Now that Bob Diamond has quit as chief executive of Barclays, what does that mean for his appearance in front of the Treasury Select Committee tomorrow?
It may mean that the members of the committee tone down their attacks: it is less edifying watching a panel pillorying someone who has just resigned than someone who is refusing to do so.
But more importantly, it may mean that Diamond now feels free of his shackles and goes after other people he feels were complicit in the Libor scandal.
So who else could be in his line of fire?
- Paul Tucker. US regulators said in their reports that Barclays staff were under the impression that the Bank of England was aware that banks were systematically manipulating Libor, and worse, wanted Barclays to do the same to reduce lending rates. The DoJ even mentions one particular call between Diamond and Paul Tucker, the Bank’s deputy governor and favourite to succeed Sir Mervyn King as governor, where that impression may have been formed. If Tucker said anything explicitly along those lines to Diamond, the former Barclays boss could easily scupper his chances of getting the top job.
- Sir Mervyn King. If the deputy governor did know what was going on, it is reasonable to ask what the governor himself knew. Sir Mervyn joked in 2008 that “Libor is the rate at which banks do not lend to each other.” Was that a joke about a lack of lending or a joke about the reliability of Libor?
- Angela Knight and Stephen Green. Knight and Lord Green were at the time the chief executive and chair, respectively, of the British Bankers’ Association, the body that is responsible for setting Libor. What does Diamond know about what they knew, or what they should have known?
- Adair Turner. Tucker’s main rival for the BoE job may not survive tomorrow’s session unscathed either. Lord Turner was appointed FSA chief in May 2008, when Libor manipulation was still happening. Why didn’t the FSA act sooner? Does Diamond have some tales of regulatory incompetence that could hurt Turner and his underlings?

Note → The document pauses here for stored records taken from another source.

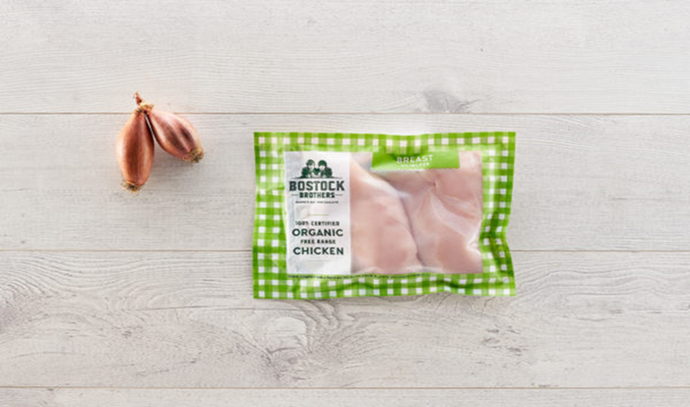 Skin On Chicken Breast (500-550g per pack approx)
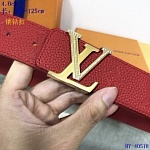 2020 Cheap Louis Vuitton 4.0 cm Width Belts # 217941, cheap LouisVuitton Belts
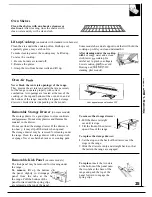 Preview for 25 page of GE JGBC15 Use And Care & Installation Manual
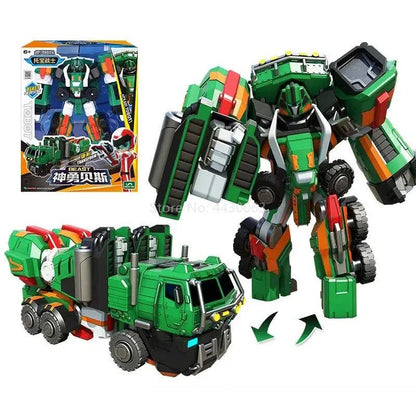 Galaxy Detectives Tobot Carro de Transformação Robô Brinquedo Coreia Desenhos Animados Irmãos Anime Tobot Deformação Tanque Carro Brinquedos Presente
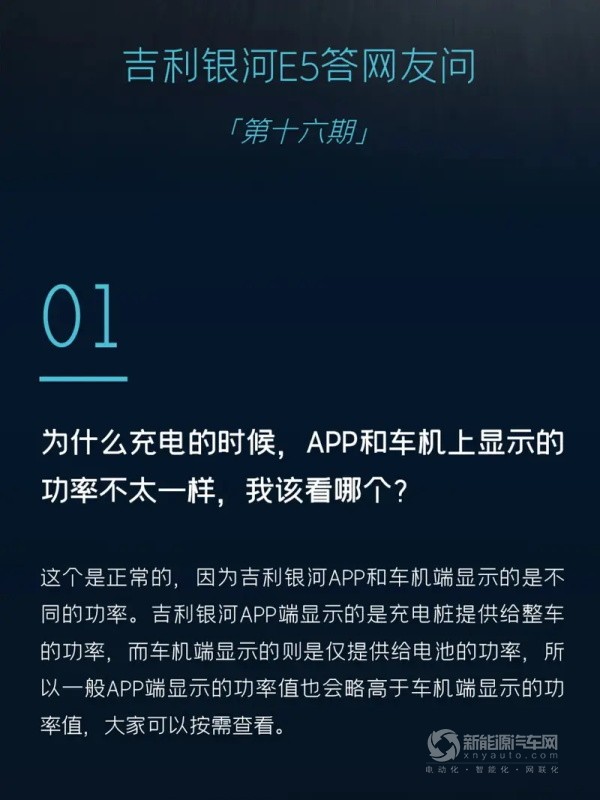 吉利銀河E5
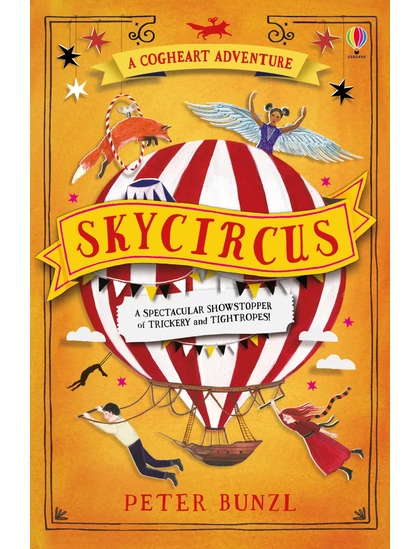 Skycircus 9781474940658 Okoskönyv Angol gyerekkönyv és ifjúsági könyv Usborne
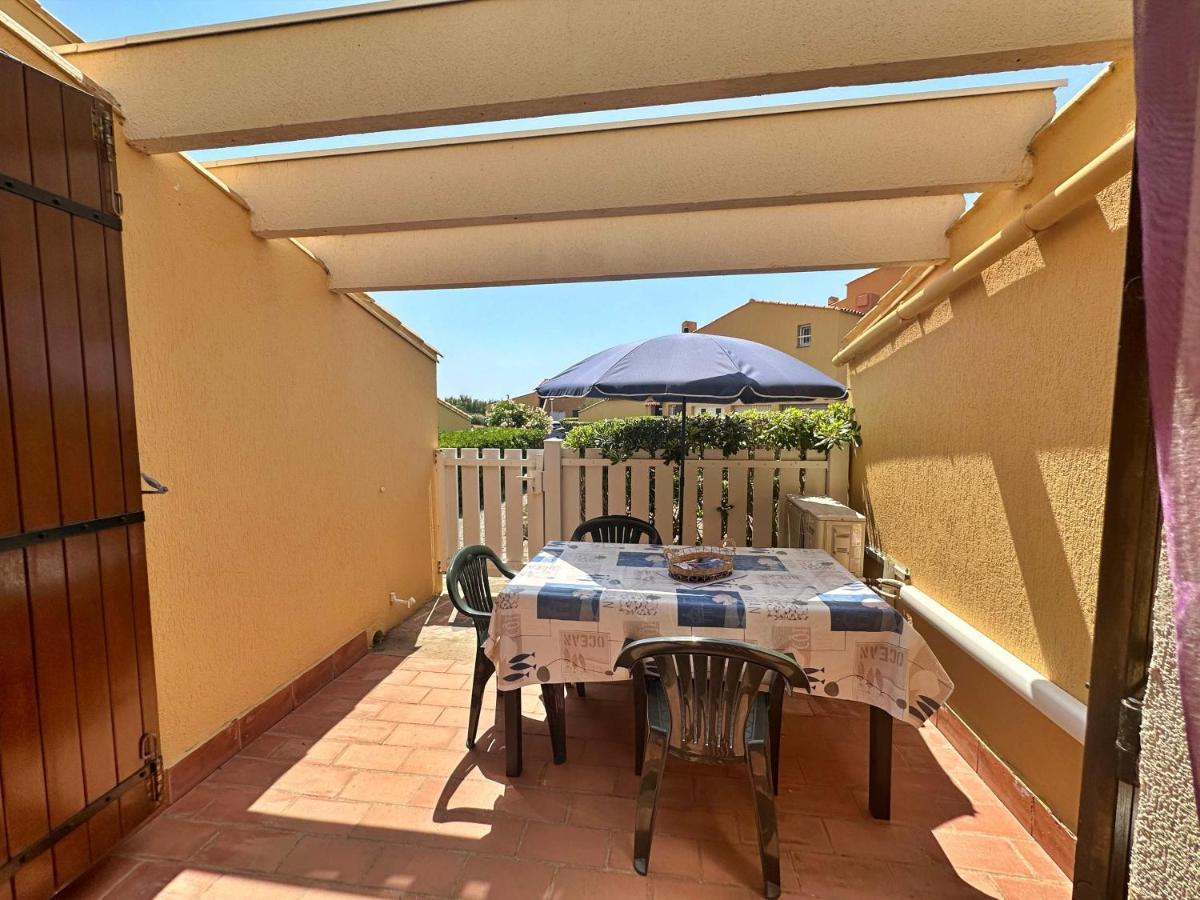Cap D'Agde, Appartement Bord De Mer, 50 M Plage De La Roquille, Climatise Et Wifi, Bagian luar foto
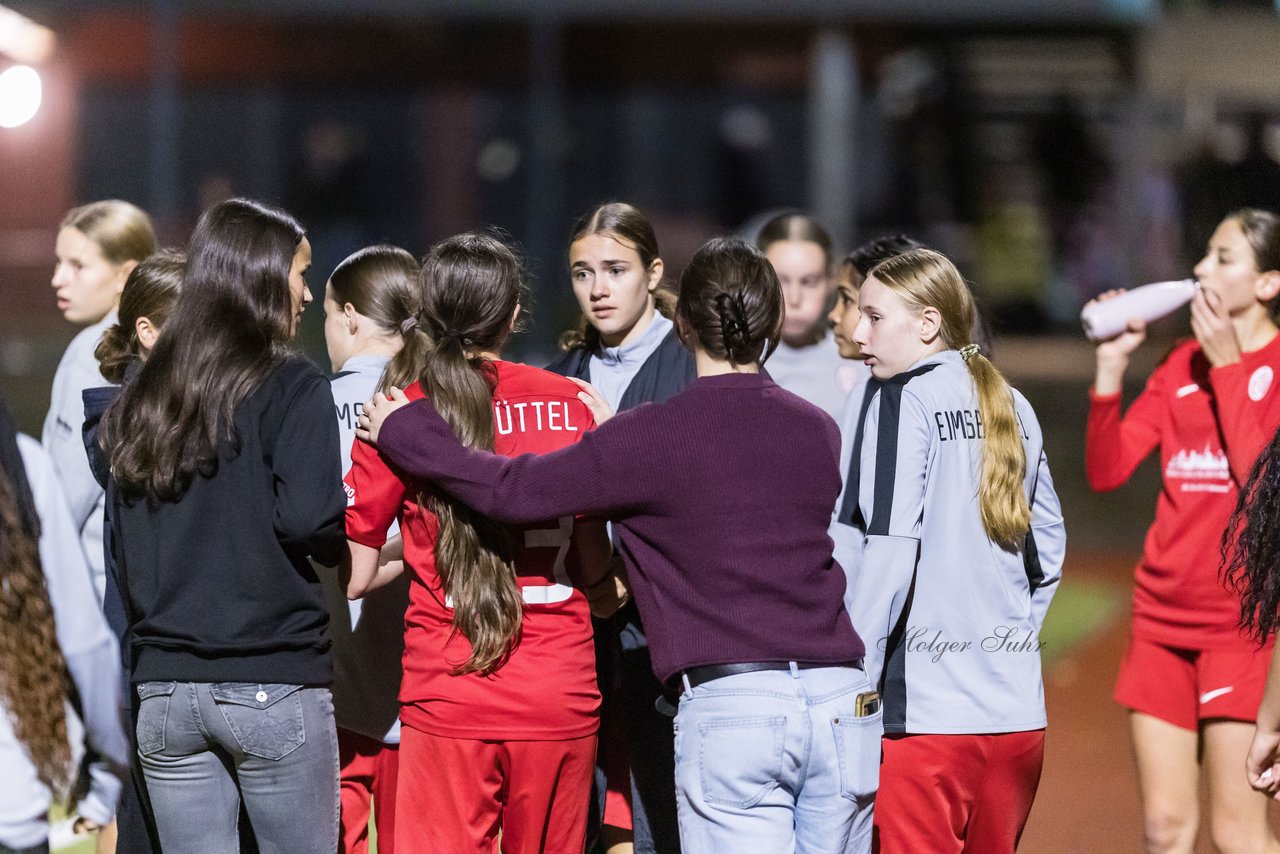 Bild 239 - wBJ Eimsbuettler TV - Hamburger SV : Ergebnis: 1:2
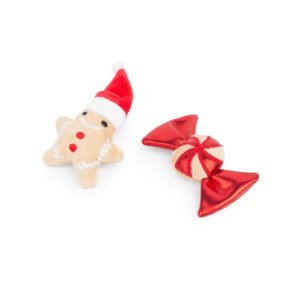Holiday Cat Toys, Interactive Plush Design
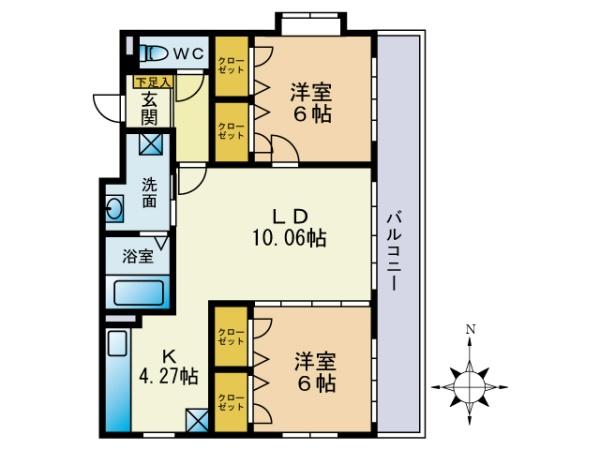 福岡市東区筥松３丁目のマンション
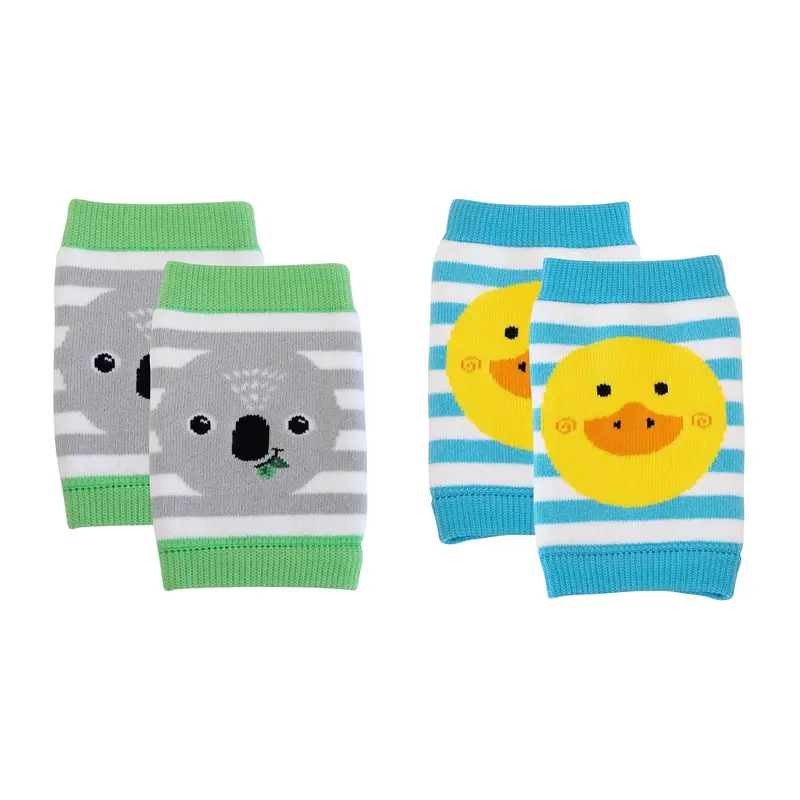 Zoocchini Knee Pads For Crawling Babies – Pack Of 2 1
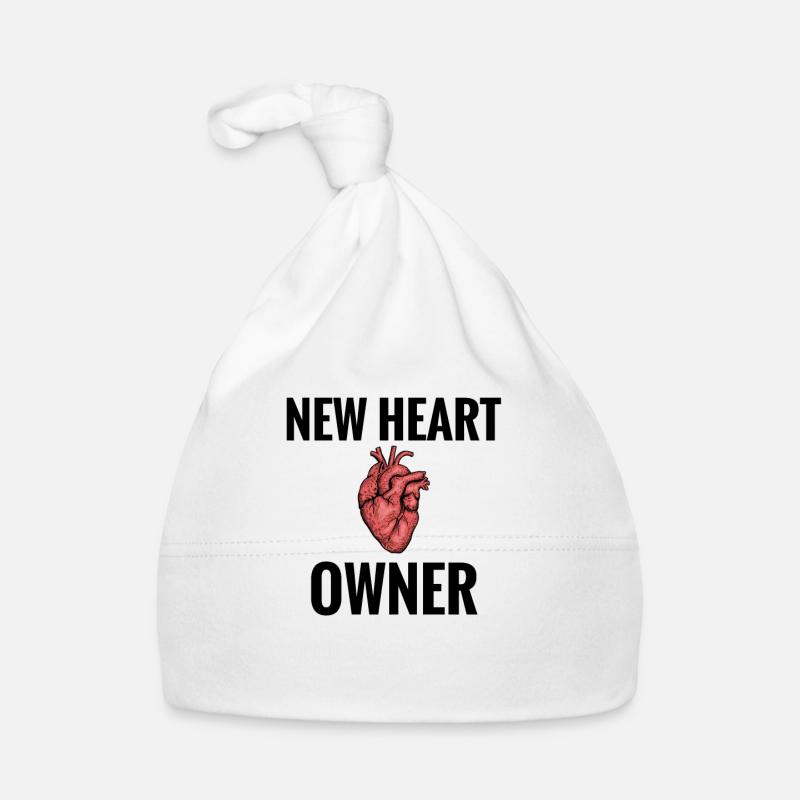 Herztransplantation Geschenk Transplantation Herz Baby Bio-Mütze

- Shriti Vadera. The Mail reported this morning that Baroness Vadera, one of Gordon Brown’s chief economic advisers, had written a paper in 2008 arguing that “getting Libor down is desirable”. This is to a large extent a statement of the obvious – getting Libor down was obviously desirable to get banks lending again. But did Labour want so badly to get banks to reduce their rates that they turned a blind eye to manipulation?
- Alistair Darling. As chancellor at the time, what did Darling know about what was going on at the top of Britain’s biggest banks? If nothing, should he have?
- Other banks. About 20 other institutions are currently embroiled in the Libor investigation, but no other chief executive has resigned. If Diamond knows that other bosses were complicit in manipulating rates, his could be just the first of many heads to roll.